# EXERCISE OBJECTIVE:
Lines below starting with the line with "New-Coming Autumn Winter" and going on through the line with "Apo.Ge Botanical Relief" must be output exactly; the rest of the records must be left out.

# RECORDS FOR THIS EXERCISE:
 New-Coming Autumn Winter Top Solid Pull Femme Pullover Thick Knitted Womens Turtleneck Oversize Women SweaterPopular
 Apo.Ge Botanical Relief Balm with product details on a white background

---

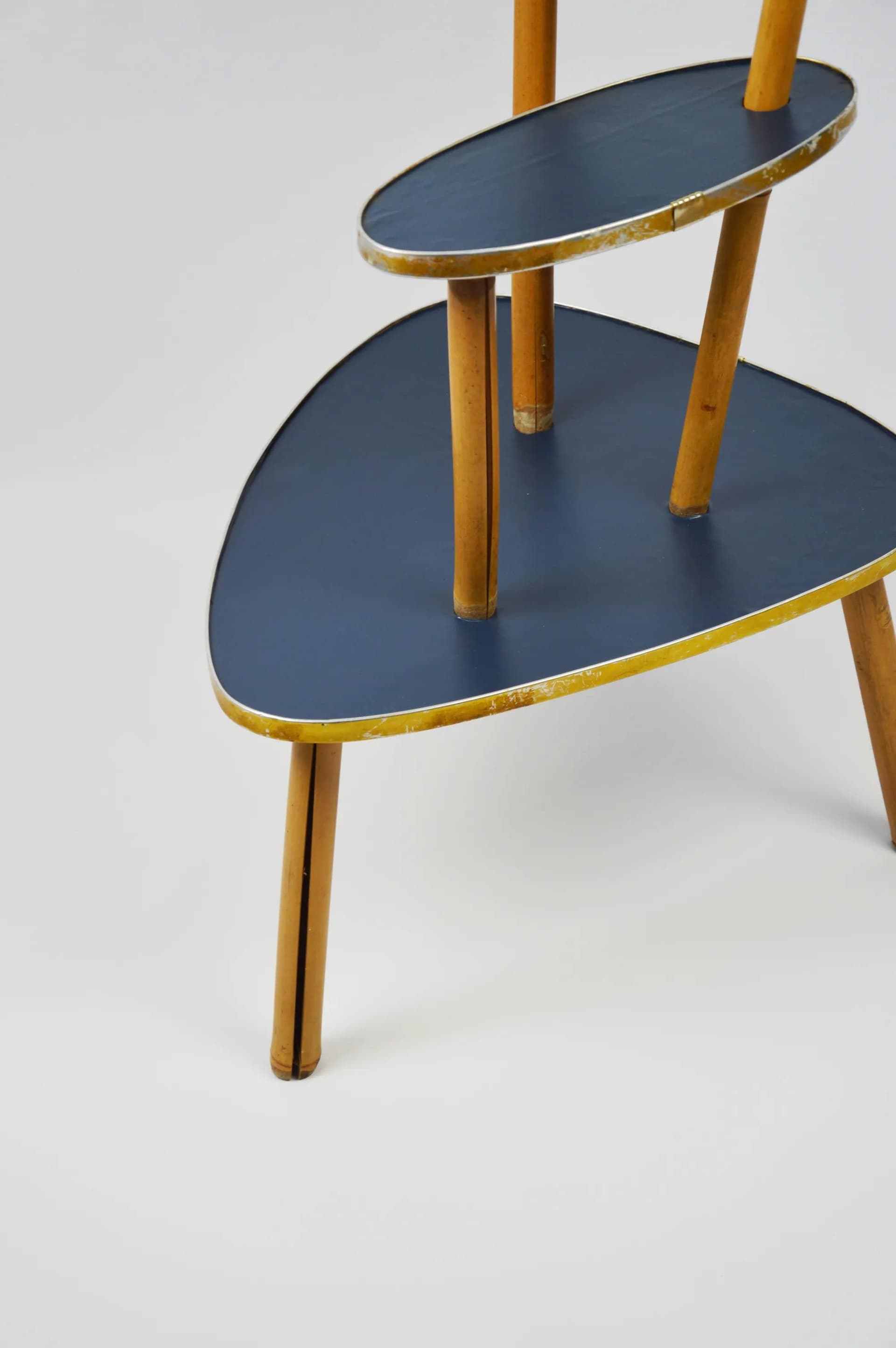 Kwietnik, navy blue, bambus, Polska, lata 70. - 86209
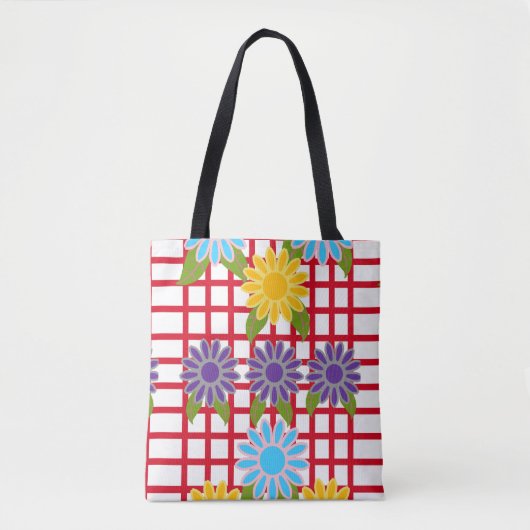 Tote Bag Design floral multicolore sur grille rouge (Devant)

==

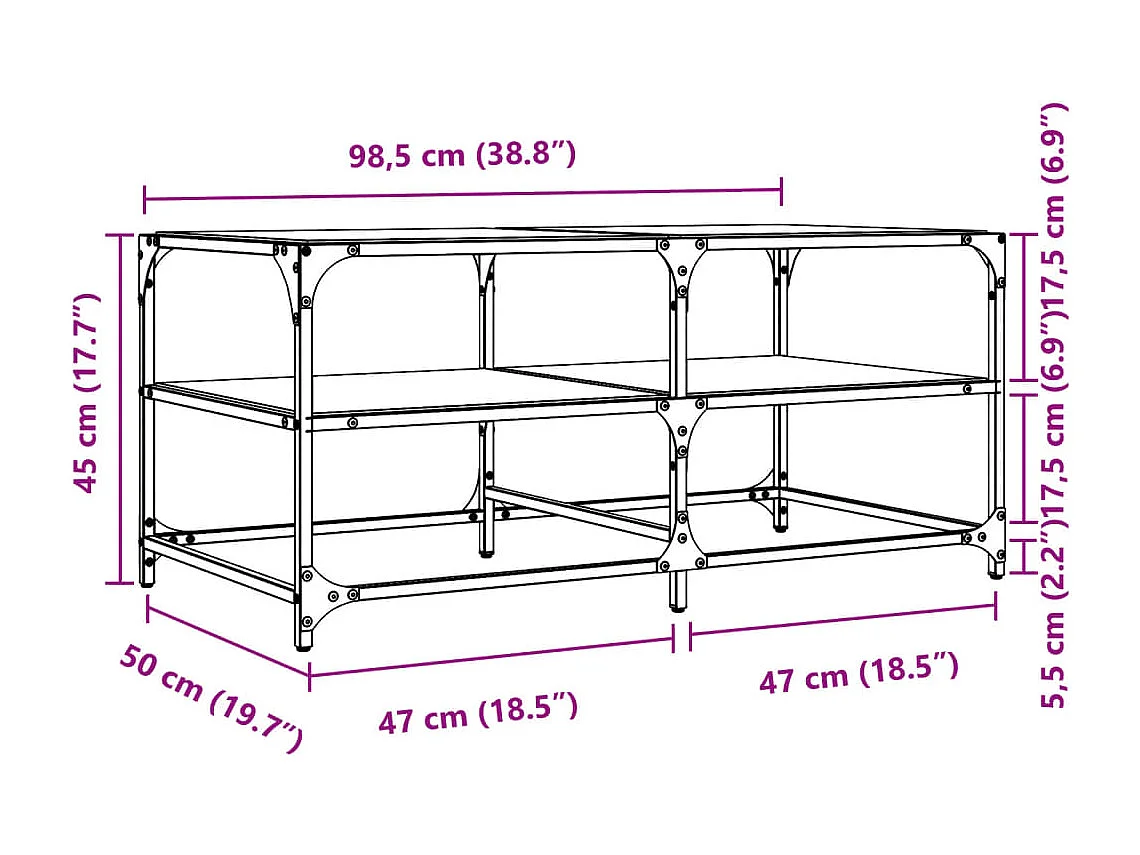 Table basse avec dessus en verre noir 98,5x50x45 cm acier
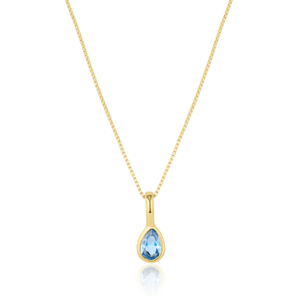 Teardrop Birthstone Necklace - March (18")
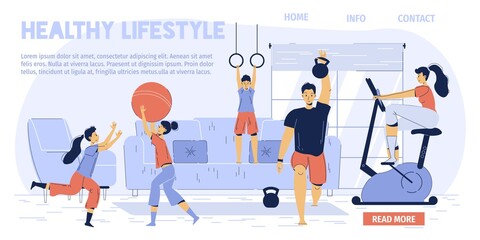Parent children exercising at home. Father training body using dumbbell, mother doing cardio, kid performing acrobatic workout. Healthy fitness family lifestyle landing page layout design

# SOLUTION BELOW:
 New-Coming Autumn Winter Top Solid Pull Femme Pullover Thick Knitted Womens Turtleneck Oversize Women SweaterPopular
 Apo.Ge Botanical Relief Balm with product details on a white background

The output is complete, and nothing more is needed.